A key lawmaker is jumping into controversy at the Public Utilities Commission over cronyism and improper contacts between power companies and regulators — and this time it also involves the shuttered San Onofre nuclear plant.
Assemblyman Anthony Rendon (D-Lakewood), chairman of the powerful Utilities and Commerce Committee, plans to hold oversight hearings, beginning next month, into allegations of wrongdoing at the 1,000-person PUC.
"It's alarming and something we need to take a look at," he said. "We're going to do a thorough investigation and try to get to the bottom of things."
Until recently, much of the PUC criticism has involved ties with the state's largest utility, San Francisco-based Pacific Gas & Electric Co. But now scrutiny is being drawn to Southern California Edison in Rosemead, which owns the nuclear plant along with San Diego Gas & Electric Co.
The California State Assn. of Electrical Workers, a statewide union umbrella group in Sacramento, asked Rendon to "initiate a vigorous investigation and review" of contacts between San Onofre's principal owner, Edison, and Michael Peevey, the two-term PUC president who stepped down at the end of last year.
A legal and financial settlement approved unanimously by the PUC in November called for customers of Edison and San Diego Gas & Electric to pay $3.3 billion of the $4.7-billion total cost of permanently closing the plant near San Clemente.
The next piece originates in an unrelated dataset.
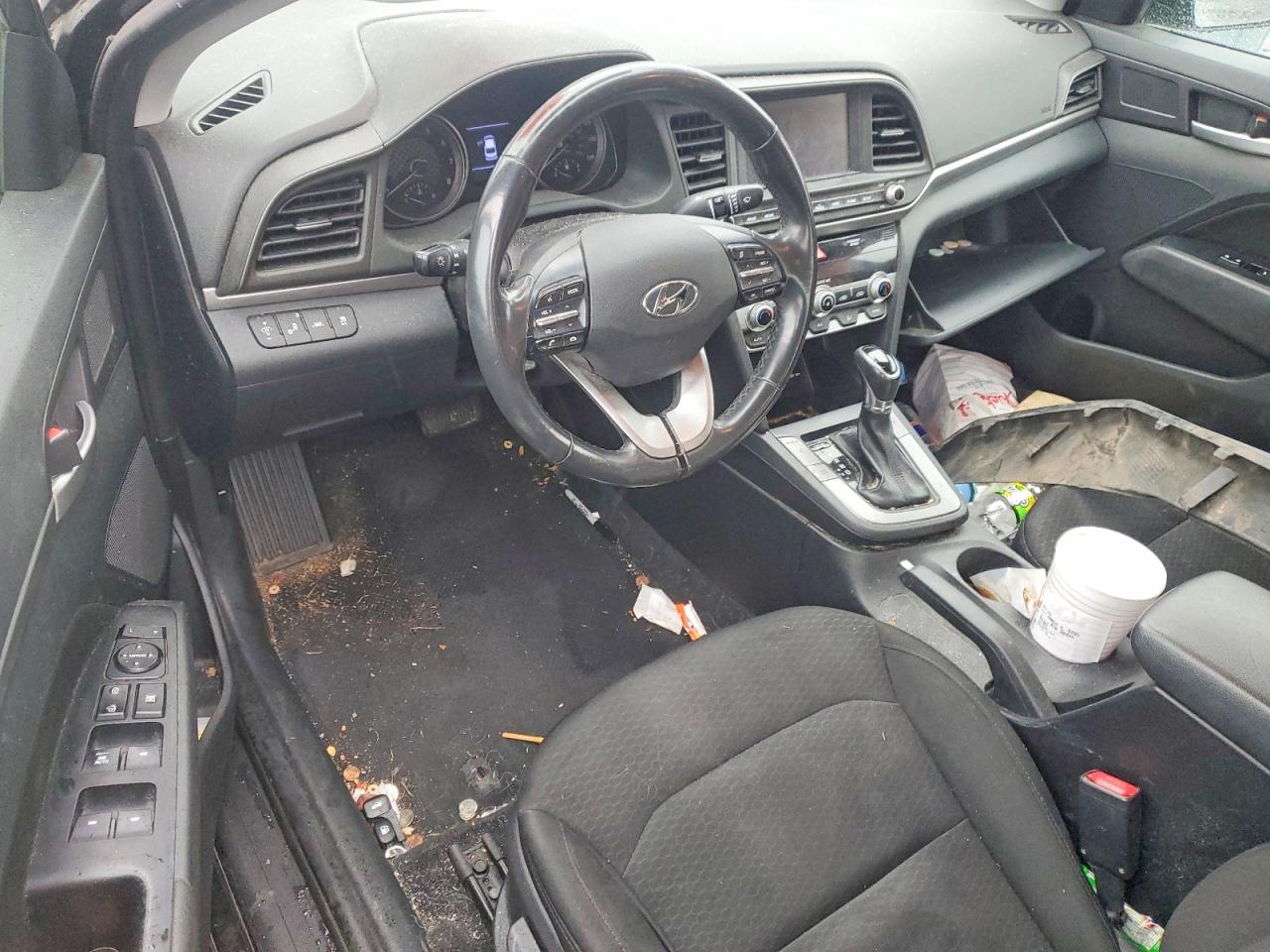2019 HYUNDAI ELANTRA SEL photo 22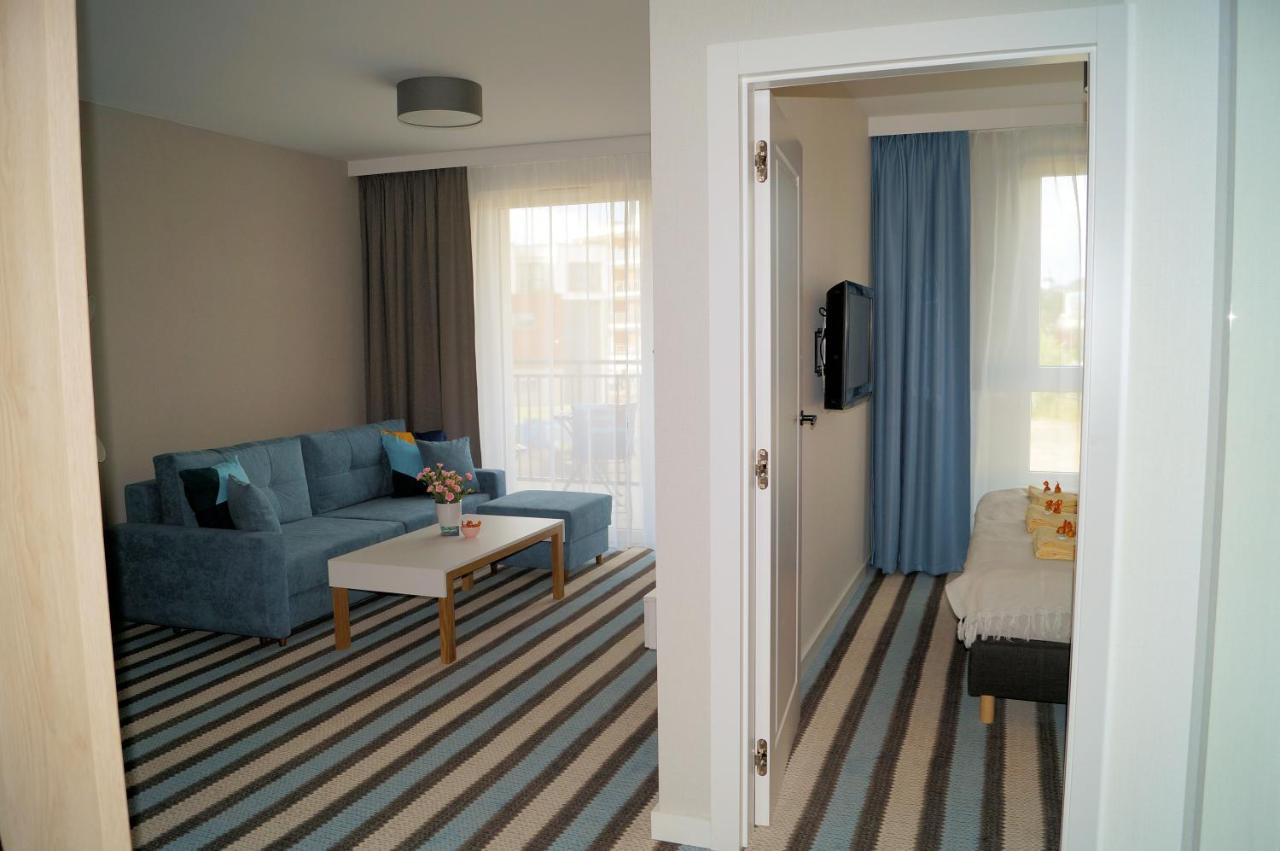 Apartament Bella D126 Miedzyzdroje Exterior foto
Part of the legislative focus, Rendon said, will be on that settlement.
In response, Edison in a statement accused the association of "raising and mischaracterizing" issues related to the PUC and San Onofre to gain bargaining leverage in ongoing labor negotiations.
Nevertheless, the company said it would "continue to welcome and respond to questions from regulatory and legislative bodies."
Rendon, who represents southeastern Los Angeles County, said he's particularly committed to government openness.
"The issue of oversight and accountability is something my office takes seriously," he said. He noted that council members from five cities in his district in recent years were convicted of corruption and spent time in prison.
Rendon said he was partially spurred to hold hearings after he and Assembly Speaker Toni Atkins (D-San Diego) received letters late Friday from the electrical workers umbrella group seeking the San Onofre probe.
The union group said its request was prompted by last week's disclosure by Edison of the details of one such meeting between a former vice president and general counsel and Peevey during a March 2013 energy conference at a Warsaw hotel.
"The recent revelation that the chief legal counsel for SCE conducted secret clandestine meetings with the president of the CPUC in Poland casts a long and dark shadow over the entire ... settlement and demands a thorough investigation by your committee," wrote Richard Samaniego, the electrical workers' secretary-treasurer. "This revelation coupled with the ... settlement favorable to SCE has seriously eroded the public's trust."
The union official also told lawmakers he wants to know why ratepayers are not receiving a larger share of any future legal settlements with the manufacturer of the steam generators, Mitsubishi Heavy Industries.
He also asked the legislators to look into stock sales by Edison executives around the time of the San Onofre settlement. Thirdly, he asked whether the company acted properly in plans to replace hundreds of information technology workers with contract workers from India.
"All these ethically questionable actions by a California regulated utility ... demand that your committee not only investigate these serious matters but utilize your full subpoena powers in order to provide answers to ratepayers and the public," Samaniego wrote.
Edison countered the union charges, saying it believes that the Warsaw hotel conversations between its executive and Peevey were permitted by law and the final San Onofre settlement was backed by major consumer advocates.
The utility also defended its management stock sales as fully compliant with company policies and U.S. Securities and Exchange Commission regulations.
Peevey's discussions and emails with executives at Edison and Pacific Gas & Electric are being reviewed in separate investigations by the U.S. attorney's office in San Francisco and the California attorney general's office, according to a search warrant served Jan. 27 at Peevey's home in La Cañada Flintridge.
The activities of Peevey are expected to be at the center of the inquiry. Peevey has denied any wrongdoing and has not been available for comment since his departure.
The union move to turn up the political heat on Edison is "huge news," said Michael Aguirre, a San Diego consumer attorney, representing ratepayer organizations that question the fairness of the San Onofre settlement.
"One of the most significant allies that the utilities have had are their very important unions," he said. "Now those unions are recognizing that they are victims of the same wrongdoing."
Having the unions call for a legislative inquiry "gives a lot of political coverage to elected officials to do what's right," Aguirre said, "because they are Democrats and very much aligned with the union."
Aguirre wants the PUC to throw out the settlement and reopen a curtailed investigation into whether Edison is responsible for the design, installation and failure of $680-million steam generators that forced the utility to permanently close the nuclear plant in June 2013.
Rendon's March hearings aren't the only effort by the state Legislature to put its mark on the unfolding PUC scandal. Sen. Mark Leno, an activist Democrat from San Francisco, has introduced a bill that would limit the power of Peevey's successor presidents at the commission and would strengthen internal oversight of safety and management functions.